Select the target group or groups you want to delete:
- Select a single target group.
  1. In the target groups table, roll over the target group you want to delete.
    
    The action buttons appear in the row.
  2. In the row, click the button.
    
    A confirmation window appears.
- Select multiple target groups.
  1. In the target groups table, select the check box for each target group you want to delete.
    
    The action bar appears at the bottom of the page.
  2. In the action bar, click the button.
    
    A confirmation window appears.
In the confirmation window, click Delete.

Tenable Vulnerability Management deletes the target group or groups you selected.

Target Group Permissions

The following table describes user permissions for both system and user target groups.

Permission	Description
System Target Group
No Access	(Default user only) Users assigned this permission cannot use the system target group to filter dashboards.
Can Use	Note: System target groups are deprecated; Tenable recommends using user target groups instead.
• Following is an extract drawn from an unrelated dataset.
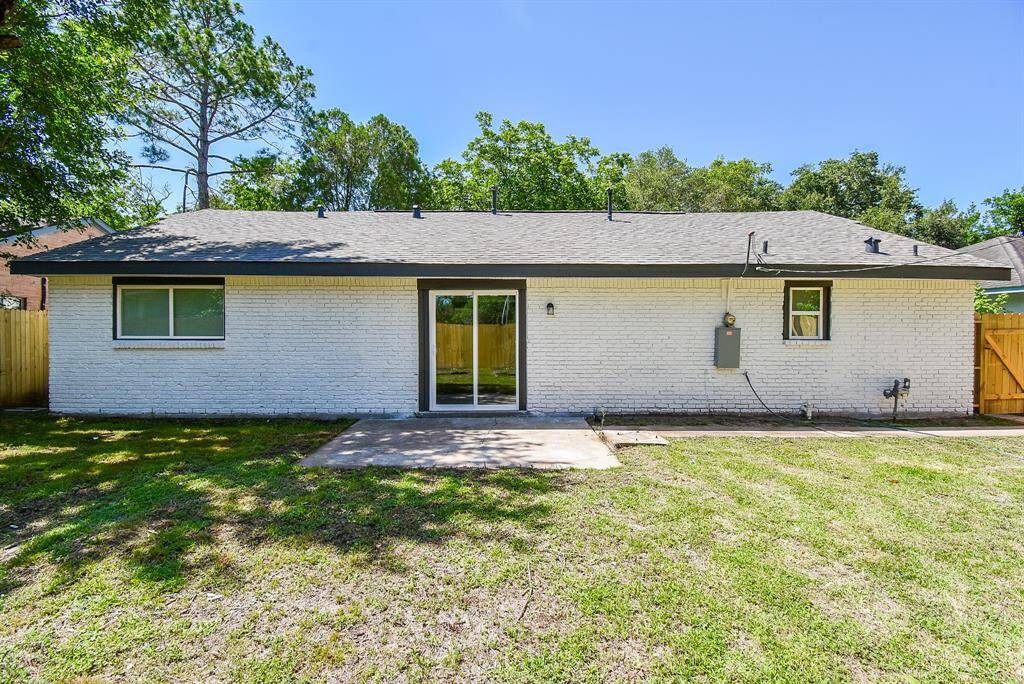 It has a patio that is perfect for family gatherings or just relaxing in nature.
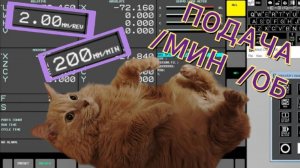 Отображение подачи мм/мин об/мин.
Users assigned this permission can use hosts in the user target groups to filter dashboards and configure scans. Note: To enable the user to use a target group in the Target Groups option for scan configurations, you must also grant the user Can Scan permissions in an access group for the targets. If you do not, Tenable Vulnerability Management excludes the targets from the scan results. For more information, see Access Groups.
User Target Group
No Access	(Default user only) Users assigned this permission cannot configure scans for hosts in the user target group or use hosts in the user target group to filter dashboards.
Can Use	Users assigned this permission can use hosts in the user target groups to filter dashboards and configure scans. Note: To enable the user to use a target group in the Target Groups option for scan configurations, you must also grant the user Can Scan permissions in an access group for the targets. If you do not, Tenable Vulnerability Management excludes the targets from the scan results. For more information, see Access Groups.
Can Change	In addition to using hosts in this user target group when configuring scans and filtering dashboards, users assigned this permission can modify any setting for the target group except permissions.